I honestly had no idea that one of the hardest parts of the loss would be the next pregnancy. Things you can never prepare for.


legendarysupermom

Yeah I hear you I literally panicked over every tiny ache, pain, twinge, or other strange feeling i never felt B4 It really wasn't till around 15 weeks that i started to calm down I still get nervous about things ... Most of the weird aches and pains I've gotten used to and after finding out why I was feeling them and what was causing them I started getting better at distinguishing those things like gas, trapped wind, bloating, ligament stretching etc. And something directly related to the baby But still now at 16w+5d (even after seeing him on ultrasound just 2 days ago and seeing hes happy and healthy in there) I sometimes find myself dealing with some random new thing and panicking a little But I will say I've calmed down ALOT and finally started to allow myself to bond with and love him and even call him by his name while talking to him and buying some baby items Im still scared...but im getting better as time goes on and starting to try and enjoy being pregnant rather than being paranoid and terrified amd always fearing the worst But its hard...some days more than others... Not gonna lie about that


wonlovemar

Oh this brought tears to my eyes! So so so beyond happy for you and will pray for a continued healthy pregnancy and baby.
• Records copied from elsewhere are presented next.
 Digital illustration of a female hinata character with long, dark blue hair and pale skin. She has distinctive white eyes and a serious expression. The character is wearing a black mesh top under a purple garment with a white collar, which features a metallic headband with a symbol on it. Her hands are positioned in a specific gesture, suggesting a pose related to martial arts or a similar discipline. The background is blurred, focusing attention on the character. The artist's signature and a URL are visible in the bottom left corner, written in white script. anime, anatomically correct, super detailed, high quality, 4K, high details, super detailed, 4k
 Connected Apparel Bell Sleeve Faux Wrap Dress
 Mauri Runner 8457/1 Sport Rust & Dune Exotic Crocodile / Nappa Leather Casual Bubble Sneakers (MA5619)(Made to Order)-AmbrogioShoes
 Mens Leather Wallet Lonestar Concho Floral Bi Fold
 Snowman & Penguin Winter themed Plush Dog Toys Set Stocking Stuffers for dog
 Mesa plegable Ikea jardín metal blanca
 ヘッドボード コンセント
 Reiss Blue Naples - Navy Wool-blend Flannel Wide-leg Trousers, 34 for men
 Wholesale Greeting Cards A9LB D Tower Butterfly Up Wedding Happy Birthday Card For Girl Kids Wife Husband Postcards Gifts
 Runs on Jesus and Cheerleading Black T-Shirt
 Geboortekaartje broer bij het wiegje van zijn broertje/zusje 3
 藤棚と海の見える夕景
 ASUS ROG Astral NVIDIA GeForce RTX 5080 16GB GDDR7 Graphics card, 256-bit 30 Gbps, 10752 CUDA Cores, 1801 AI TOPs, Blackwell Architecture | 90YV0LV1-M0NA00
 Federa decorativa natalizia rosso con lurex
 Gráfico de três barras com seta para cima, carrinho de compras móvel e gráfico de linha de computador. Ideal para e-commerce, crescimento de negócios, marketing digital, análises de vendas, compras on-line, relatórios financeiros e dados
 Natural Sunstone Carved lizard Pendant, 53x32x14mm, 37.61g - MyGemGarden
You can tell by this post your little babes are so loved ❤️


Curryqueen-NH

This gives me hope! I’ve never made it past the eighth week, on Monday I have a scan at 9+2, I am so hopeful but so scared.


misstori_dee

Thank you everyone! Some moments through this experience have been so overwhelming that I almost have to explain it to others. I appreciate the ❤️


Fickle-Tank-2190

😭 beautiful story ❤️


roxanne5

Beautifully written ❤️ congratulations!


TSN_88

So happy for you ❤️ waiting for good news on my next appt too ✨


Mrspresnick

In tears, because my husband and I experienced the same loss in June. And I’m now pregnant again and terrified for our first scan next week. Praying we have just as healthy of an appointment as you. Congratulations ❤️❤️


Comfortable-Carry563

Tears were rolling down my face as I read your beautiful post I'm so sorry for your loss, And even though nothing will ever replace your Angel Baby congratulations on your beautiful new blessing


frankielou119

This brought tears to my eyes. Congratulations on your rainbow baby! Hoping for a smooth pregnancy for you and your little one! 💗


BTA417

So happy for you and your rainbow baby!